Quest’ultimo caso è ad esempio riferibile alla serie oggetto di questa recensione: MPD Psycho (2000) di Takashi Miike. Il regista giapponese, sempre attento alle attrazioni (leggi soldi) della televisione e ai tempi stretti della realizzazione che in lui probabilmente stimolano particolari connessioni neurali a livello artistico, si lancia con la sua consueta prodigalità in questa trasposizione seriale del manga omonimo scritto da Eiji Ootsuka e disegnato da Shōu Tajima nel 1997. Ai tempi della produzione televisiva il fumetto era ancora ben lungi dal completo dispiegamento del suo arco narrativo, così Miike, che firma anche la sceneggiatura, mantiene intatto solo lo spunto di partenza sfrondandolo, in particolar modo, del suo ampio parco di personaggi. La storia della serie, divisa in sole sei puntate dalla durata circa di un’ora ciascuna, verte principalmente sulla triade di personalità distinte che contraddistinguono l’unico protagonista.

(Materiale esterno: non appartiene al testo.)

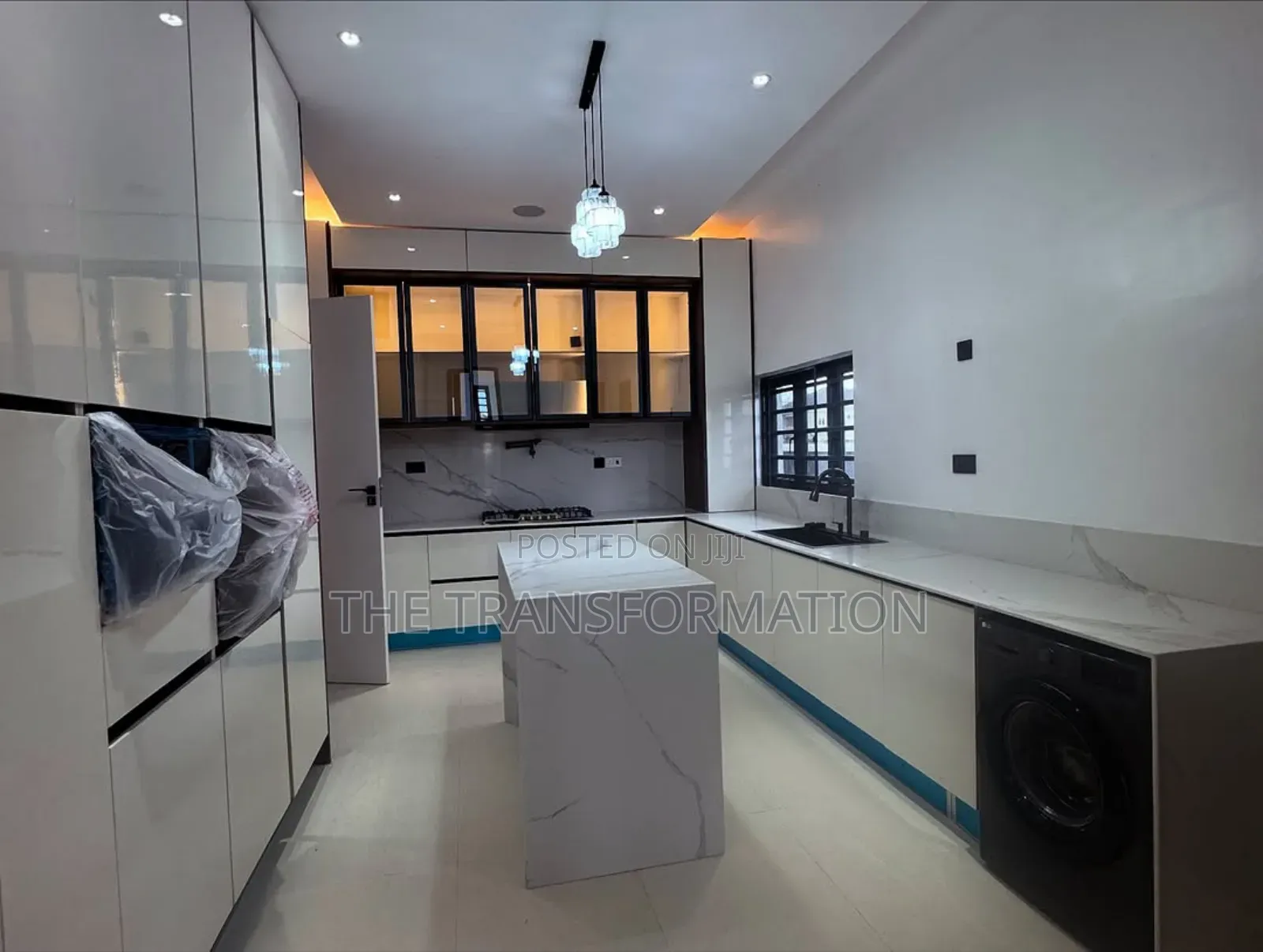 5bdrm Duplex in Premium Secured, Ajah for sale in Ajah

MPD Psycho dal punto di vista della narrazione procede abbastanza canonicamente in senso sia orizzontale che verticale: ogni puntata è autoconclusiva, ma contemporaneamente, pezzo per pezzo, porta avanti l’intricata indagine di Kazuhiko Amamiya fino al finale sospeso che, oltre a rappresentare una scelta stilistica chiara, conferma, semmai ce ne fosse bisogno, la dose di dozzinalità di Miike foriera a volte di tanto estro (mi riferisco naturalmente al celebre finale di Dead or Alive). Ma se una certa frettolosità si nota in particolar modo nell’ultima puntata piena di doverosi riassunti verbali recitati dall’atono Naoki Hosaka le farraginosità narrative di una vicenda confusa sin dalla sua ideazione non inficiano sulla resa estetica di MPD Psycho.

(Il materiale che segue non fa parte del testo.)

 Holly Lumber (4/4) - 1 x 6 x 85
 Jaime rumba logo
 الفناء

Il regista di Audition, infatti, gioca anche qui con diversi tabù sia cinematografici che sociali. Innanzitutto, dal punto di vista tecnico, la serie è tutta girata in digitale, ma, invece di puntare sui vantaggi di una modalità di ripresa veloce e onnipotente, Miike riprende la sua straniante discesa negli abissi della follia con la glacialità della pellicola. Arditi totali, scene esasperatamente lunghe, fotografia asettica sembrano far uscire questo prodotto dalla prima parte della sua filmografia. Alcune inquadrature poi denotano un uso della profondità di campo molto tecnico e assolutamente funzionale alla dilatazione tutta giapponese dei momenti di stasi. Gli inserti provocatori e quasi metacinematografici per la gratuità con cui sono inseriti nel contesto (ad esempio, la pioggia verde e le fiamme grossolane che incendiano i corpi) sorprendono in più parti senza mai ledere la sostanziale eleganza formale della serie. Perfino il livello dello splatter è mantenuto basso a vantaggio di un riuscito ibrido tra detection, richiami a un soprannaturale psicologico e riuscite caratterizzazioni dei personaggi.

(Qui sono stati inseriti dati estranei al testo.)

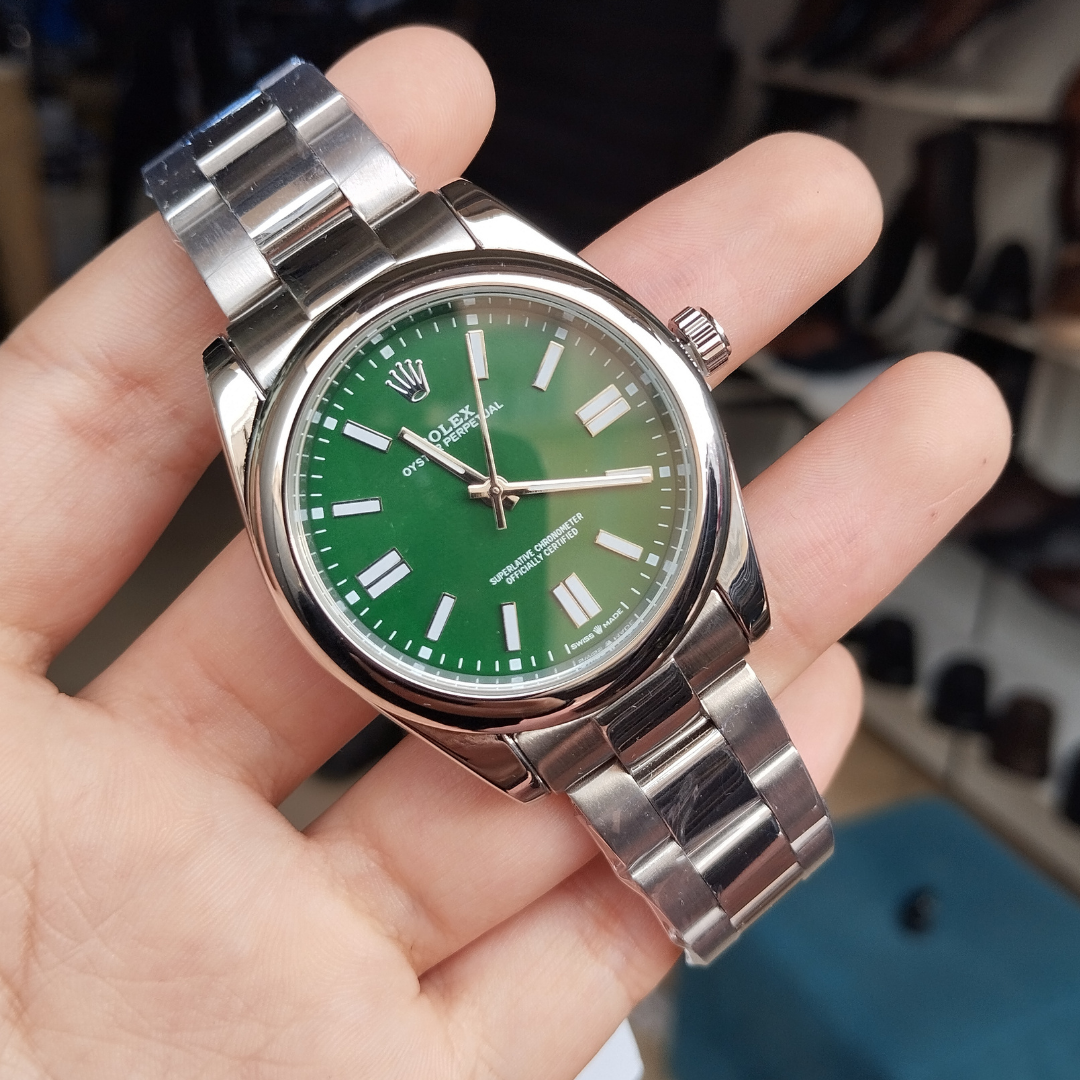 Oyster Perpetual 41 mm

MPD Psycho è diviso di due tronconi abbastanza netti. Nella prima parte, la più riuscita, il virus personalistico di Nishizono si trasmette per semplice contatto (indicato visivamente da un inserto anime stilisticamente démodé) a varie persone che, una volta infettate, commettono strambi ed efferati omicidi. Questa è l’occasione per Miike di fare denuncia verso i suoi amati/odiati concittadini, tutti assassini in fieri a cui basta solo una scintilla per accendere il loro fuoco violento. Nella seconda parte, invece, il regista di Osaka imbastisce una macrostoria con echi distopici che, pur continuando a produrre sana inquietudine (la quinta puntata con la reclusione di Nishizono all’interno dell’ospedale), smarrisce il fascino di singoli frammenti di follia a favore di un più comprensibile piano complottistico che coinvolge più generazioni. Il discrimine tra cinema e TV sta forse proprio in questo: che il primo si può permettere soltanto di suggerire visto i suoi tempi ridotti, il secondo vuole necessariamente spiegare. Ancora una volta, io mi tengo l’arte che indica col dito la luna.